# MetaStock Parabolic SAR Function

Provided By www.meta-formula.com

The Parabolic SAR (Stop and Reverse) indicator is quite useful and is often used in determining exits from trades. The formula is quite complex and beyond the scope of this study guide, but its interpretation is relatively straightforward. The dotted lines below the price establish the trailing stop for a long position and the lines above establish the trailing stop for a short position. Thus, long trades should be closed when the price drops below the Parabolic SAR and short positions closed when the price rises above the Parabolic SAR. The Parabolic SAR can be used in any time frame.

SYNTAX SAR(Step, Maximum)

Step _ As a security makes new highs, the Parabolic SAR will rise according to this step value. The higher the step value is set, the more sensitive the indicator will be to price changes. If the step is set too high, the indicator will fluctuate above and below the price too often, making interpretation difficult.

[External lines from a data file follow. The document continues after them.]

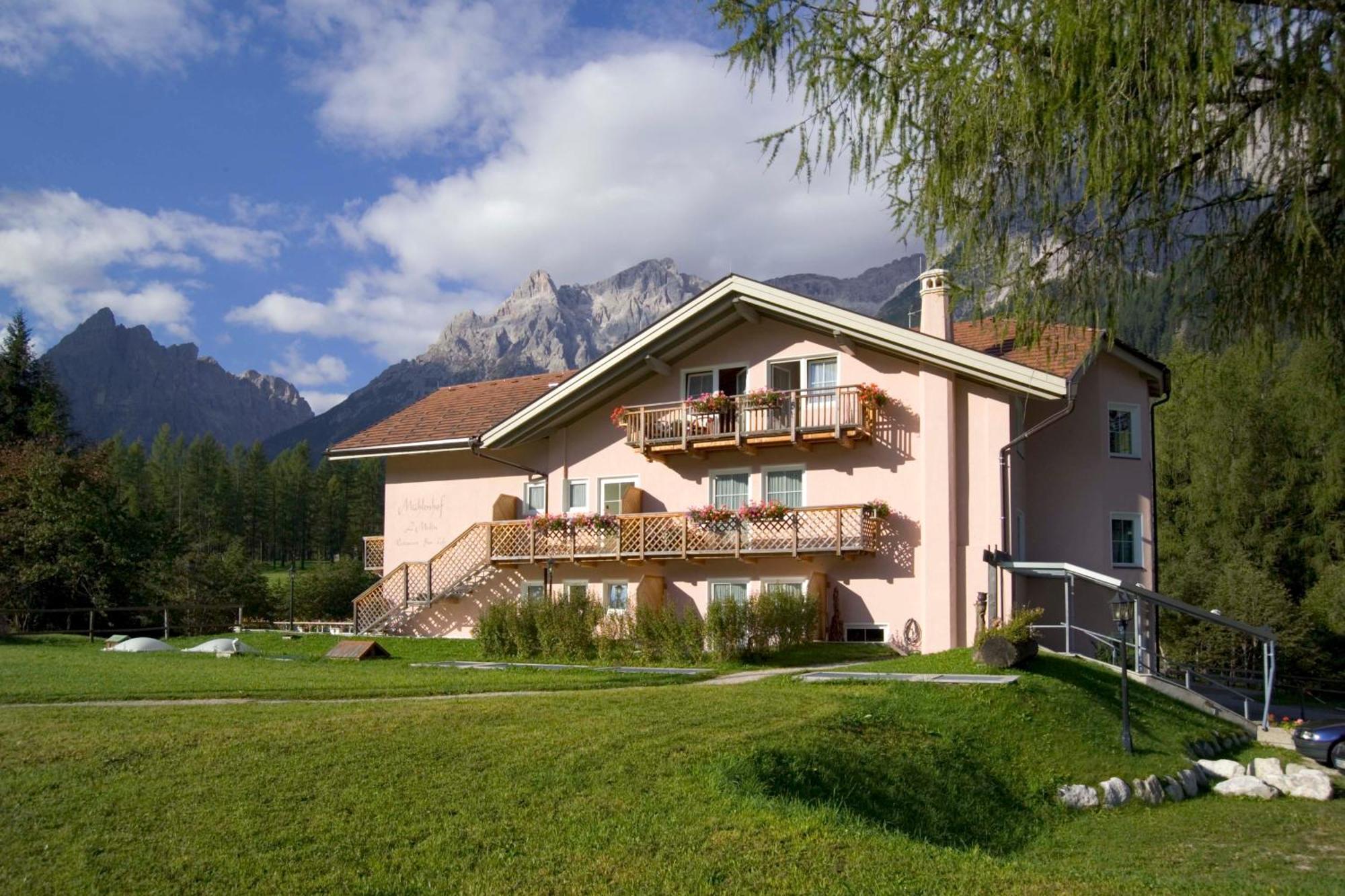 Bad Moos Dependance "Muehlenhof" Hotel Sexten Exterior foto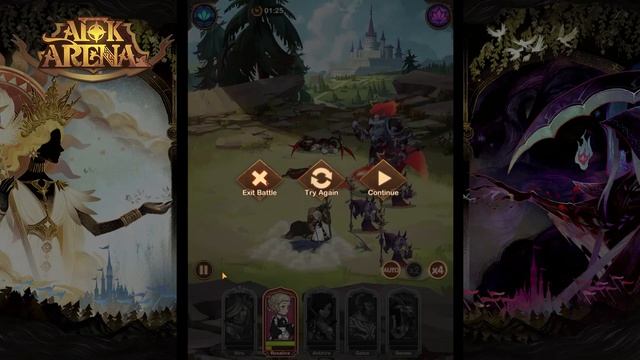 Peaks of Time Walkthrough: Rancid Forest | AFK Arena смотреть онлайн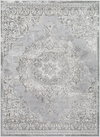 Enfield Machine Woven Rug, by Surya, 1'3.75" length x 1'3.75" width thumbnail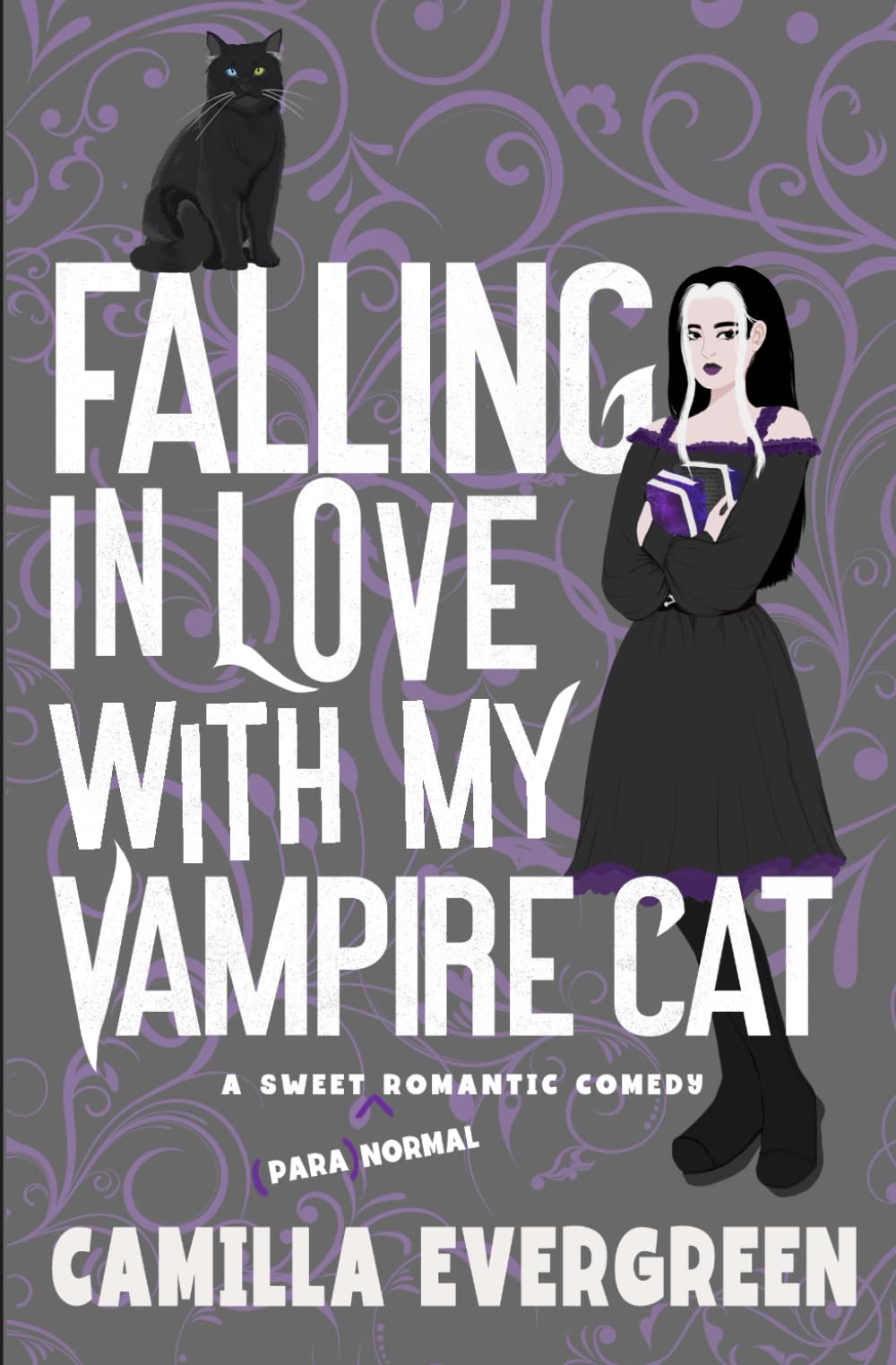 Falling in Love with My Vampire Cat: A Sweet Romantic Comedy: 1 (That's (Para)Normal)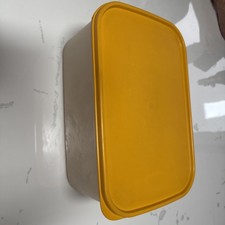 Tupperware Superstar 4,3 l Frischebehälter, Orange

Maximum _ This is the maximum value that the SAR step can obtain. The maximum step controls the adjustment of the SAR as the price moves. The lower the maximum step value is set, the further the trailing stop will be from the price.

EXAMPLE

The following formula plots the Parabolic SAR where the value will rise or fall in 0.02 increments and will rise to a maximum value of 0.2:

SAR(0.02,0.2)

In the above example:

Step = 0.02

Maximum = 0.2

APPLICATION

A more useful application of this example could be:

Cross(C,SAR(0.02,0.2))

This formula identifies when the closing price crosses above the Parabolic SAR. This could be considered a trigger to enter a long position.